Mettre du papier dans la sonnette

Fig. B. Heurtoir de porte. Ante. sonnette.

[mètre dy papjé dâ la sònèt] (loc. exasp. DRING.)
Une femme n’est jamais si bavarde que quand elle se tait. C’est Honoré de Balzac, grand connaisseur des femmes (et homme à femmes), et surtout fin lettré qui nous le dit. Et c’est un bien bel hommage aux yeux des belles qui en disent tellement plus que leurs paroles.

Il est fort peu probable que l’expression que nous allons modestement définir bavardant ci-dessous soit balzacienne de naissance. Mettre du papier dans la sonnette n’est pas du niveau du grand maître, plus encore, on sent qu’elle charrie une exaspération et un pragmatisme efficace dans l’action bricoleuse qui n’est que peu goûtée par celui qui est pure pensée.

Mettre du papier dans la sonnette est une solution. Et une solution à un ras-le-bol papotier, de ceux qui fatiguent les esgourdes, qui irritent l’encéphale, qui incommodent les méninges. Mettre du papier dans la sonnette est aussi insidieusement phallocrate, promouvant un féminin amplifié par son suffixe en « ette » comme la source de l’éreintement susdit. Il est bien évident que pour tancer un verbiage masculin il serait devenu mettre du papier dans le cor par exemple !

Mettre du papier dans la sonnette est utilisée en injonction ou en soupir pour exiger ou implorer un silence des mots et laisser place à l’éloquence du regard dont nous parle le Balzac qui aimait tant les femmes. Il faut en faire cette lecture si on veut lui laisser une chance.

Notons que si mettre du papier dans la sonnette est devenue surannée suite à la disparition massive du carillon fort opportunément remplacé par le digicode et la caméra de contrôle destinés à chasser l’importun, l’expression a aussi marqué en son temps une forme moderne. Avant le déploiement de la fée électricité bien nécessaire au fonctionnement de la sonnette, c’est la cloche ou le heurtoir qui faisaient office d’appel; et selon qu’ils étaient tintement ou tintouin, frôlement ou tapement, babil ou vagissement, ils présumaient du ton du dialogue qui suivrait.
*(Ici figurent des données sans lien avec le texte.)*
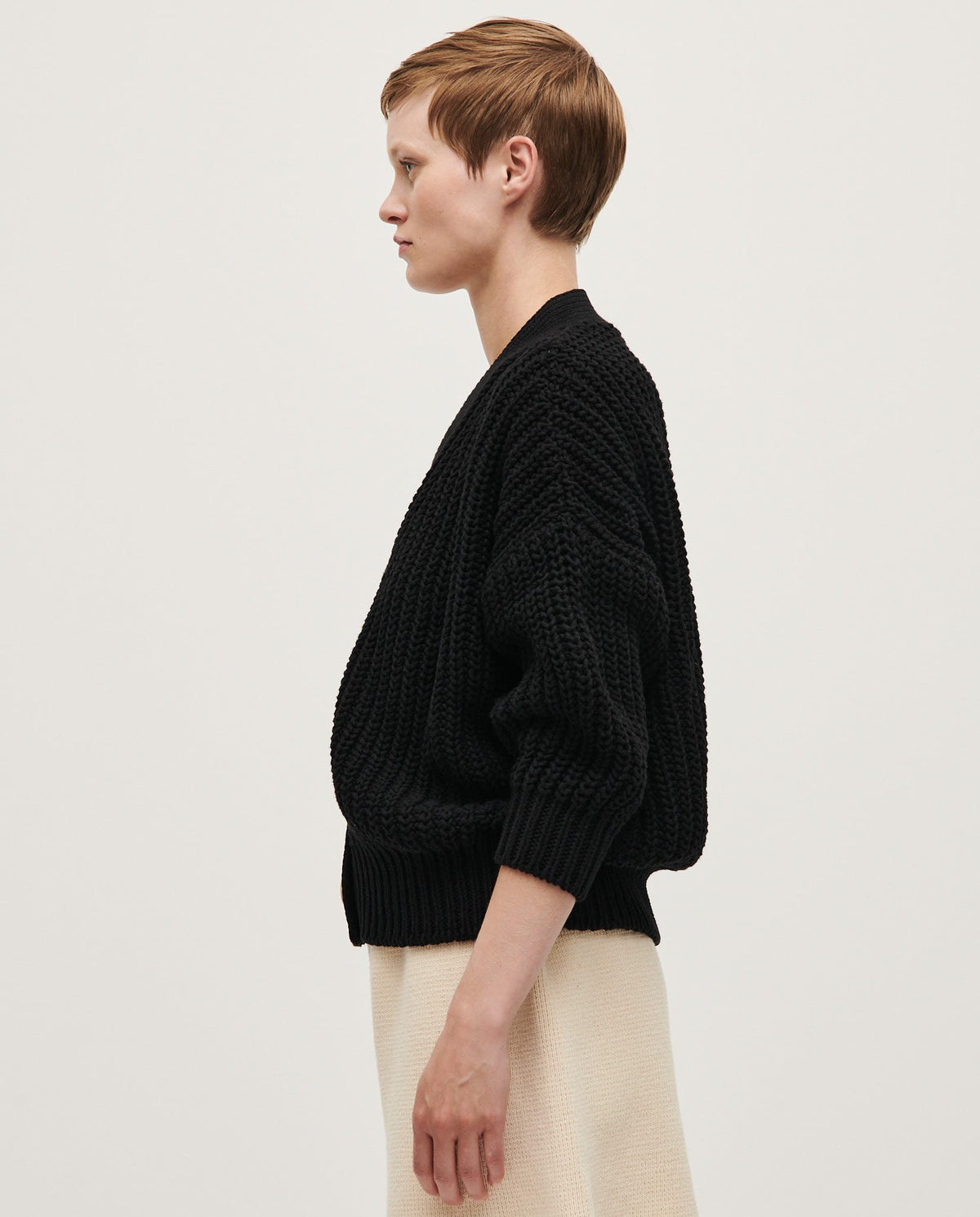 Black Babaà no18 women's cardigan displayed on a model, featuring a cozy knit design and button details.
Mais donc, le temps où la sonnette ne tinta plus vint à son tour.

Mettre du papier dans la sonnette s’est tue plus tard, enfouie sous les principes modernes qui exigent que les genres partagent également leurs qualités et leurs tares. Un saint principe qui gouverne désormais et sonne les cloches à tout apologue considéré comme écart. Grand bien nous fasse.

On n’entendra donc plus mettre du papier dans la sonnette. Peu importe, l’essentiel est de ne pas trouver porte close.